By making all sfmt_t
variables be on the stack, I removed this overhead.
Did it make a difference?
No — at least not for this benchmark. Although a raw test (using SFMT's own test framework) showed parity, this graph really shows us is that the Poisson implementation doesn't depend enough on the uniform PRNG to matter. (The graph jittering is because SFMT uses SSE, which is also used by the test machine's in-use graphic interface.) Let's see if we can demonstrate run-time by looking at the entire birdnest system, which draws uniform random numbers proportionate to the Poisson random numbers.
In this graphs, the x-axis λ represents the payoff matrix maximum.
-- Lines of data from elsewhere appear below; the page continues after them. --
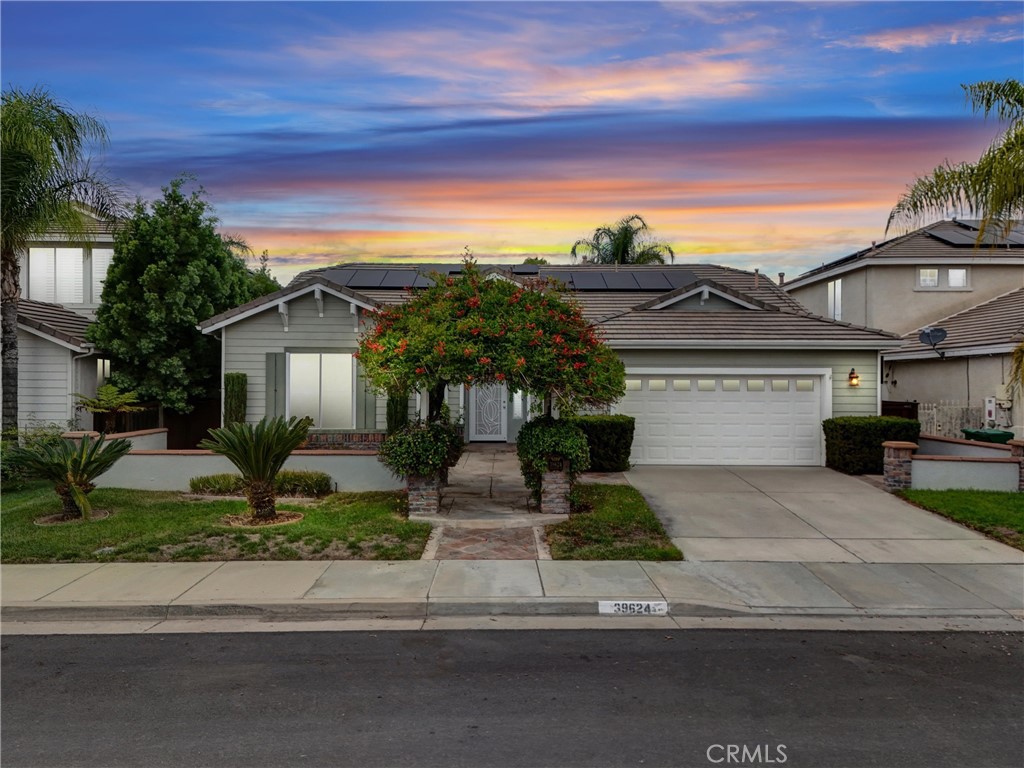 Nestled in the highly desirable Vintage Reserve community of Murrieta, this beautifully updated single-story home offers 3 bedrooms, 2 bathrooms, and approx. 2,025 sq ft of living space on a well-appointed 6,098 sq ft lot. From the moment you arrive, its curb appeal shines with a lush garden arbor entry, charming courtyard, and custom walkways. Inside, a formal entry welcomes you with abundant natural light and graceful arched doorways throughout. The spacious family room is anchored by a tile fireplace with a built-in TV cabinet and flows seamlessly into the dining area, where sliding glass doors open to serene backyard views. The gourmet kitchen is a centerpiece, featuring a custom hood vent, expansive cabinetry with decorative open shelving, beveled granite countertops, a large island with breakfast bar, and upgraded stainless steel appliances including a French door refrigerator, double ovens, and dishwasher. The master suite is a private retreat, complete with sliding door access to a side patio, a walk-in closet, and a spa-inspired bath with dual sinks, a designer-tiled walk-in shower, and a soaking tub framed in stylish tile accents. Two additional bedrooms are generously sized, and the hall bath offers double sinks and a shower-in-tub. The laundry room includes cabinetry and a utility sink with pull-out faucet for convenience. Interior upgrades include fresh paint, ceramic tile flooring with new carpet in bedrooms, plantation shutters and blinds, recessed lighting, upgraded ceiling fans, new black matte bath fixtures, and a new AC unit. Best of all, the home comes with fully paid-for solar panels and a Tesla wall mount, providing long-term energy savings and efficiency. Outdoors, the backyard is an entertainer’s dream, highlighted by an expansive wood lattice patio cover, custom stamped concrete, tranquil waterfall feature, manicured lawn, stucco-and-brick planters with lighting, and mature trees and shrubs. Located in one of Murrieta’s most sought-after neighborhoods, you’ll enjoy close proximity to top rated schools, parks, shopping, dining, and easy freeway access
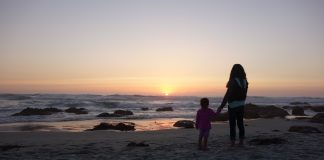 mom and daughter holding hands on a beach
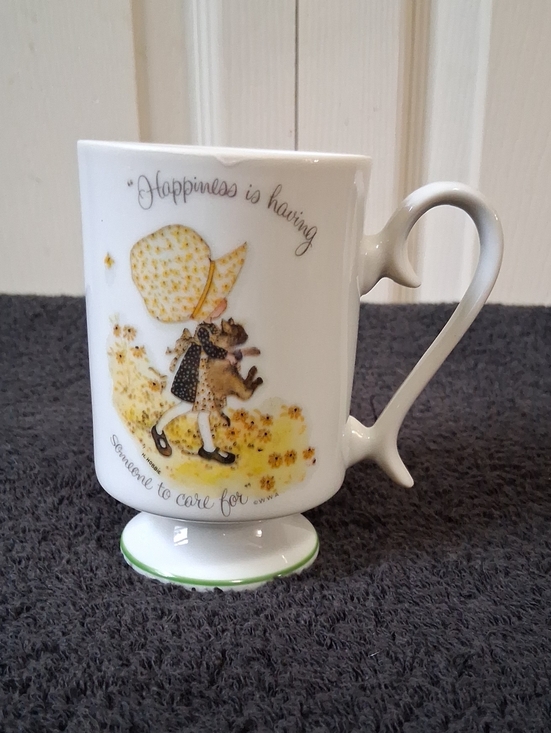 Holly Hobbie Other - Holly Hobbie Ceramic Pedestal Mug Yellow Floral "Happiness Is Having Someone..."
The matrix is laid it out as A = {λ, λ + 4, λ + 4, λ}. Each data point is the time for one generation of 10 000 000 individuals on 1 000 000 islands with 0.75 migration probability, On the left-hand side, I show the raw speed; on the right-hand side, the fractional increase: about 12% speed-up of the stack over the heap version. Can we do even better?
No.
Although the SFMT documentation is correct in saying that generation by [sfmt_fill_array32] is much faster than the
following gen_rand function, converting these uint32_t
into float
numbers makes the extra speed all but meaningless.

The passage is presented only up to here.